IHC image of GFAP staining in a formalin fixed, paraffin embedded normal human hippocampus tissue section, performed on a Leica Bond™ system using the standard protocol F. The section was pre-treated using heat mediated antigen retrieval with sodium citrate buffer (pH6, epitope retrieval solution 1) for 20 mins. The section was then incubated with ab68428 at 1/100 dilution for 15 mins at room temperature and detected using an HRP conjugated compact polymer system. DAB was used as the chromogen. The section was then counterstained with haematoxylin and mounted with DPX.

 

For other IHC staining systems (automated and non-automated) customers should optimize variable parameters such as antigen retrieval conditions, primary antibody concentration and antibody incubation times.

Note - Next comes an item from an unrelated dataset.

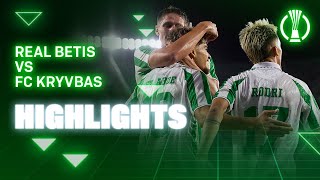 Resumen del partido Real Betis  FC Kryvbas  HIGHLIGHTS  Real BETIS Balompié [upl. by Saffian386]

This data was developed using the same antibody clone in a different buffer formulation containing PBS, BSA, glycerol, and sodium azide (ab68428).

Immunofluorescent analysis of 4% Paraformaldehyde-fixed, 0.1% TritonX-100 permeabilized mouse primary neural mix culture cells labelling GFAP with ab68428 at 1/250 dilution, followed by ab150077 AlexaFluor^®488 Goat anti-Rabbit secondary antibody at 1/1000 dilution (Green). Confocal scanning Z step was set as 0.3 µm followed by image processing with maximum Z projection. ab10062 anti-GFAP antibody [GF5] at 1/100 dilution followed by ab150120 Goat Anti-Mouse IgG H&L (Alexa Fluor® 594) at 1/1000 (2µg/ml) was used as a counterstain. The Nuclear counterstain was DAPI (Blue).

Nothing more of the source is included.